Fictional account of life events of a poor dumb bastard trying to be in the world and in the Truth at the same time.
20131115
Decision Fatigue
So I heard/read an article recently that indicated that the brain can actually get tired of making decisions and as the fatigue sets in, the quality of our decisions decreases. There are some perverse consequences. The poor for example may experience decision fatigue while shopping and end their shopping trip with a stop by a fast-food restaurant. The rich who go along filling their shopping carts without much of a second thought pass the (often in-store) restaurant looking down their noses at those poor people making such an unwise spending decision. If the tables were turned, however and those rich had just experienced the mental exercises of trying to get the most value from very limited funds, they may find themselves making the same or worse financial decisions.
I have long noticed (as I suppose many others have) that meetings in which I am an active participant are very tiring. It used to be very exhausting until I grew accustomed to days with several meetings in each.

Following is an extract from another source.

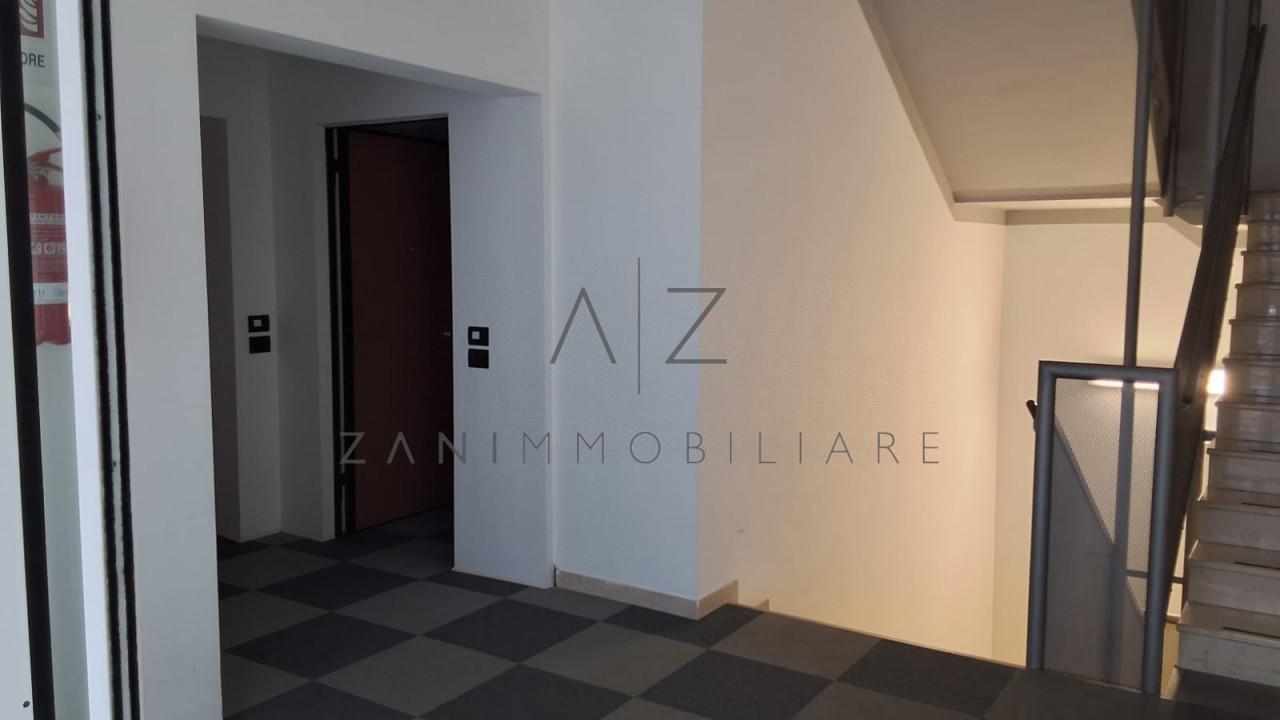 Ufficio in Via del Lavoro, Vedelago, {3} - Foto 2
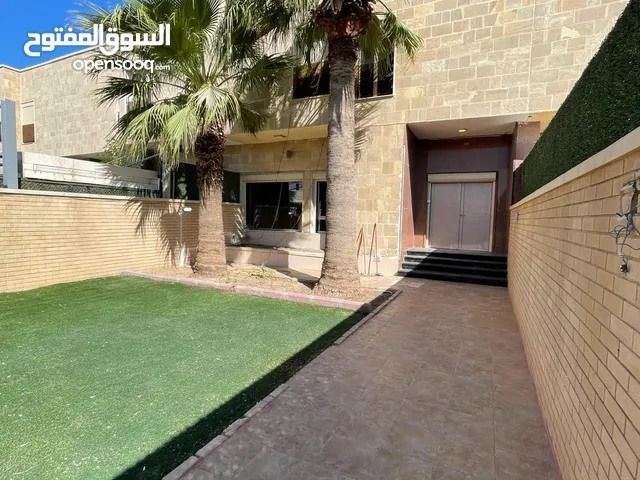 للايجار فيلا بالبدع فيها 4 غرف نوم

The research on the subject is clear and verified. It is not my imagination. It reminds me of the constant pressure from the "organization" to simplify my life. I always figured that I could just handle it. I know what the hell I'm doing. I'm just more capable than the rest, so I thought. In reality I am more stupid for not following that advice. Each and every time I think I know better I am proved so totally freaking wrong. What an idiot I have come to realize that I have been all these years.
Big sigh, so what else is new. I remember feeling the crushing weight of the realization of my mistakes a few years ago, Was it 5, 7, 3 years ago? I don't really remember. I do recall that deep and burning shame, anger (with myself) and deep disappointment when I understood that I had totally wasted my life, that now I am old and the doors are almost all closed. It still hurts, though living with that disappointment for years now, I feel the pain less acutely than then. It is there though. What a screw-up I am.
I keep hoping that something will break loose one day. And it doesn't. So I just carry on day by day. Things are all to shit and I don't see a way out of it. The ultimate solution seems logical from tactical viewpoint. Strategically I know it doesn't make sense. Oh yes and it's wrong. So I just carry on day by day.